Peut-on considérer que la politique de l’enfant unique est ancrée dans les mentalités ? Autrement dit, les Chinois ont-ils oublié leur aversion première pour cette loi et pleinement intégré la limitation à un enfant par couple ?

 

Importance de la dimension culturelle

On ne peut pas réduire le problème posé à la seule dimension culturelle, mais cette dernière tient une place importante dans notre controverse. Il s’avère que notre recherche sur l’acceptation de la politique de l’enfant unique auprès de la population chinoise nous a menés à des informations contradictoires : d’une part selon un premier sondage, la population serait très attachée à cette politique et la suppression officielle de la loi n’aurait probablement pas beaucoup d’effet sur les mœurs. D’autre part, une autre étude révèle que la majorité des femmes chinoises souhaite avoir au moins deux enfants et pensent que les enfants uniques deviennent des enfants pourris gâtés (désignés par le terme de « petits empereurs »).

 


Nous nous sommes ainsi demandé si l’arrêt officiel de la politique de l’enfant unique serait accompagné d'un changement des mentalités sur la conception de la famille en Chine.


 

La peur d'une reprise incontrôlable de la croissance démographique

Selon Jiang Fan, vice-ministre de la Commission du Planning Familial National, que 70% des femmes voudraient avoir au moins deux enfants. La fin de la politique de l’enfant unique entraînerait donc logiquement une hausse du taux de la natalité, ce qui se traduirait par un taux de la croissance démographique, ce que le gouvernement voulait justement limiter. Néanmoins, cette croissance serait-elle si grande que ce à quoi on peut s’attendre ?

 

Selon Isabelle Attané, les comportements démographiques observés ne sont pas directement liés à la politique de l’enfant unique : dans les années 70, le taux de fécondité a chuté, pour se stabiliser dans les années 1980, ce tendrait à suggérer un impact plutôt limité de la politique de l’enfant unique. En réalité, des facteurs socio-économiques prennent le dessus : le prix d’un enfant est très élevé, en particulier en ce qui concerne son éducation, et nombreuses sont les familles qui font le choix de n’avoir qu’un enfant pour être en mesure de subvenir à ses besoins et lui promulguer une éducation de qualité, indépendamment de la politique de l’enfant unique. De ce point de vue, un éventuel arrêt de la politique de l’enfant unique, qui laisserait totale liberté aux ménages quant au nombre d’enfants qu’ils peuvent avoir, n’aurait pas de retombées immédiates sur le taux de natalité. Il faudrait dans un premier temps que le niveau de vie des chinois s’améliore nettement pour qu’ils aient envie d’avoir plusieurs enfants.

 

 

 

 

Le nombre d’enfants souhaité par les femmes chinoise, est variable dans le temps et dans l’espace : comme on peut le voir sur le graphique ci-dessus, les femmes vivant en milieu rural voudraient davantage procréer que celles venant de milieux urbains. Ceci peut notamment s’expliquer par le fait que les travaux aux champs sont un travail rude , demandant beaucoup de temps et d’énergie ; avoir plusieurs enfants pour les aider n’est donc pas négligeable. On remarque que le nombre d’enfants désiré décroît au cours du temps. Cela semble cohérent avec le développement des campagnes de propagande visant à réduire le taux de natalité, ce qui passe par une mise en valeur de l’avortement et des moyens de contraception. Mais l’impact de la politique gouvernementale doit néanmoins être nuancé : des facteurs socio-économiques, notamment le coût croissant de l’éducation, occupent également une place non négligeable dans les mentalités des couples chinois, et conditionnent le nombre d’enfants qu’ils désirent avoir.

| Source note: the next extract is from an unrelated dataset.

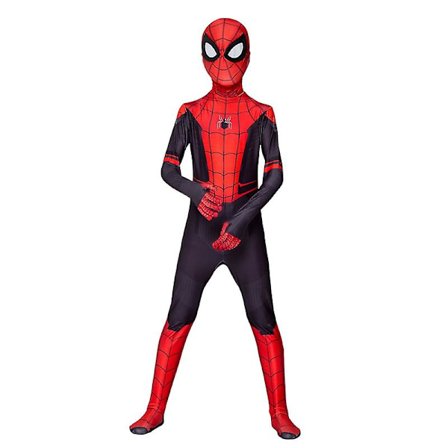 Spiderman Cosplay Superheltedrakt Barn Vuxen Bodysuit CNMR Yz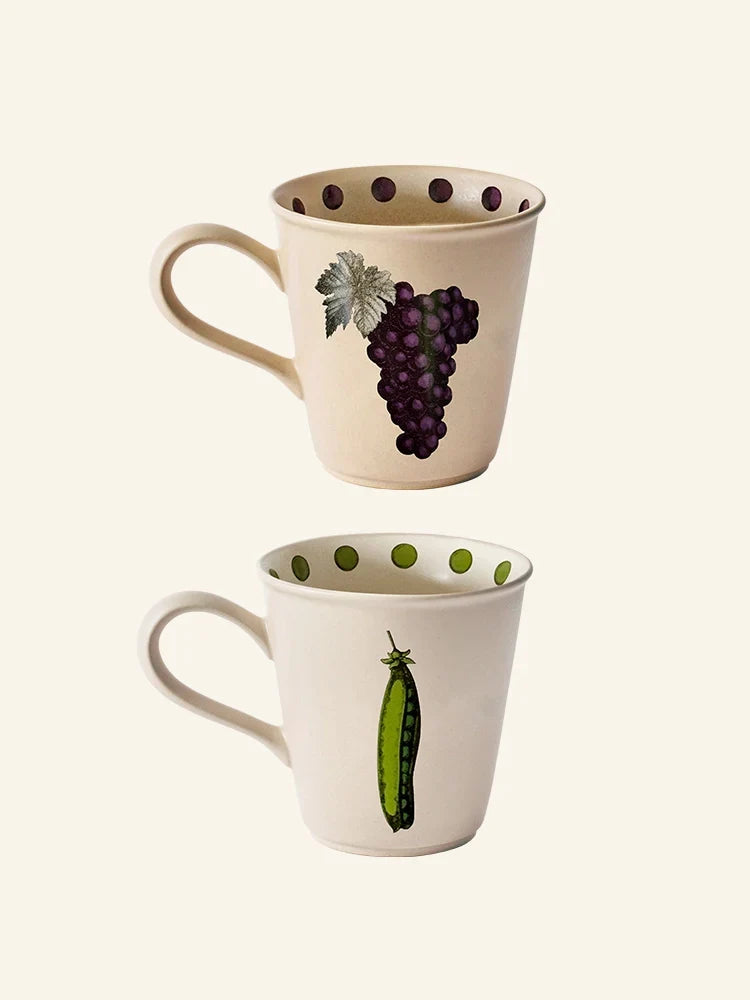 Grapes & Pods Cluster Mug - TRLab Shop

Graphique représentant l'évolution du désir d'enfants dans les milieux ruraux et urbains



L’enracinement de la politique de l’enfant unique dans les mentalités est un point délicat : d’une part parce que les données concernant le nombre d’enfants souhaités par les femmes chinoises diffèrent d’une étude à l’autre, mais également parce qu’il est difficile de distinguer le poids respectif de la politique mise en place et des facteurs socio-économiques : avoir un enfant nécessite d’avoir les ressources financières nécessaires pour assouvir ses besoins. Il est probable que la réduction du nombre d’enfants souhaité par couple est due à une combinaison de ces deux facteurs, mais il reste épineux de distinguer la part réelle de chacun.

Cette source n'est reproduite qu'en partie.